A high-tech anime riff on Beauty and the Beast set between the virtual and the real, the scintillating new film from Oscar-nominated Japanese director Mamoru Hosoda (Mirai; Wolf Children) is a fable for the age of reality. increased; a study in digital self-performance that doubles as a pretty neat pop star fantasy.
Belle takes her audience into an immersive virtual world known as the U, where some 5 billion people connect with fantastical avatars generated by a unique app that biometrically syncs with the user – channeling their innermost selves through a strange synthesis of the physical and the digital.
As sci-fi, it’s barely a stretch of the online present, where augmented reality, personalized avatars, and identity blurring filters have become part of everyday interaction.

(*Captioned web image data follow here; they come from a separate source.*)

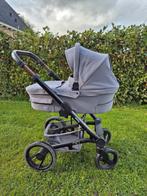 Mutsy Nio kinderwagen, Ophalen, Zo goed als nieuw, Mutsy, Verstelbare duwstang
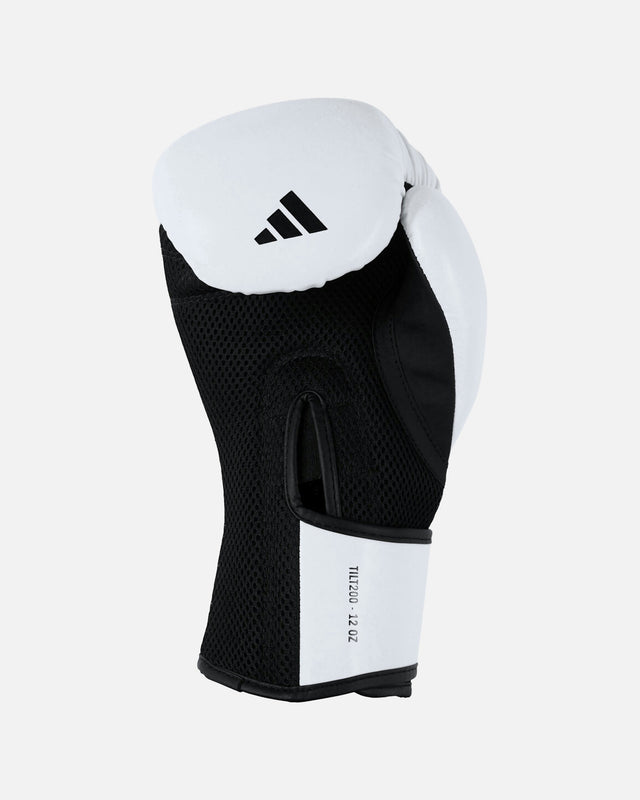 Adidas Boksehandsker Speed Tilt 200 - Hvid/Sort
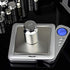 American Weigh Scales Calibration Weight for AWS Digital Scale, Carbon Steel, 200G Solid Stainless Steel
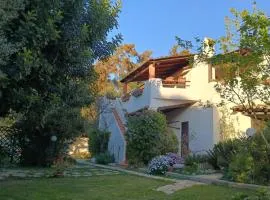 Casa Aldebaran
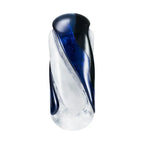 Tenga® TENGA FLIP 360 Masturbator – 360° Pressure Pads Reusable Flip-Open Design Blue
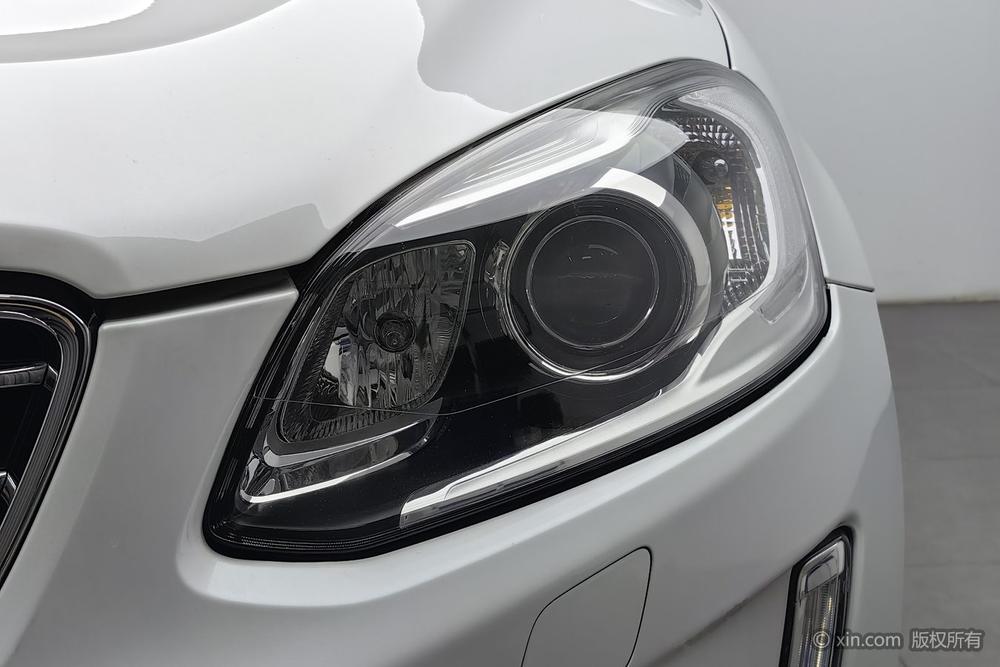 Volvo XC60 2016 модификация T5 AWD Smart JMC Edition – фото 7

Back in old-school Japan and the real world, teenage peasant girl Suzu (voiced by Kaho Nakamura) is a high school wallflower haunted by the loss of her mother at a young age, an event that ended her her childhood dreams of playing music and made her melancholic and withdrawn.

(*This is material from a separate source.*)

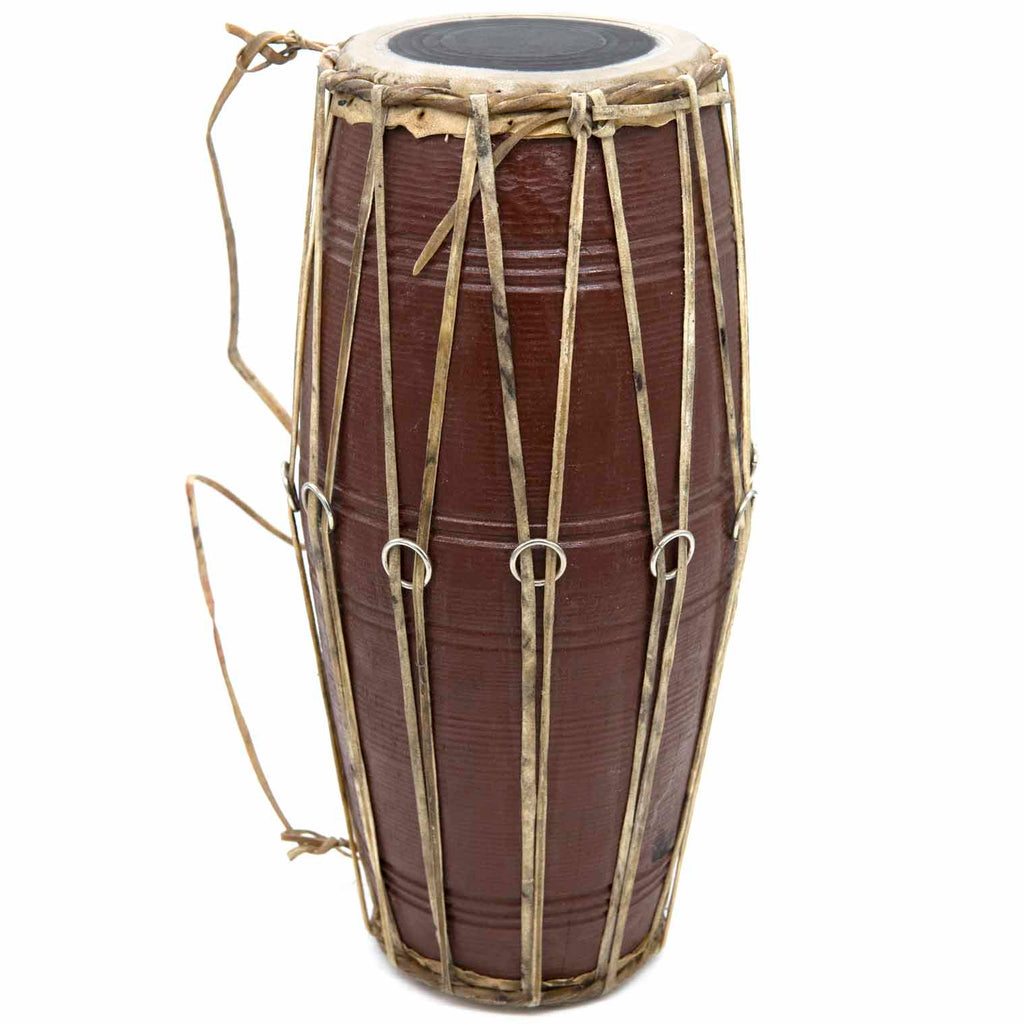 Large Madal Drum-Siesta Crafts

Encouraged by her best friend turned Svengali musician Hiroka (Lilas Ikuta), Suzu logs into U and creates an avatar that becomes Belle – an incredibly radiant, pink-haired cyber-princess who extracts Suzu’s latent musical gifts and blasts them up. in pop superstar dimensions.
Designed by veteran Disney character animator Jin Kim, whose work includes Tangled, the Frozen films and the recent Encanto, Belle combines the look of the wide-eyed princesses from those films with their anime counterparts, her traditionally drawn features rendered – like much of Hosoda’s film – in a fluid mix of 2D and computer animation.
Unlike the more sinister visions of humanity’s online immersion popularized in films like The Matrix, Hosoda’s view of the virtual world has always been ambivalent – even optimistic – about the potential power of technology to augment and transform the user’s real self.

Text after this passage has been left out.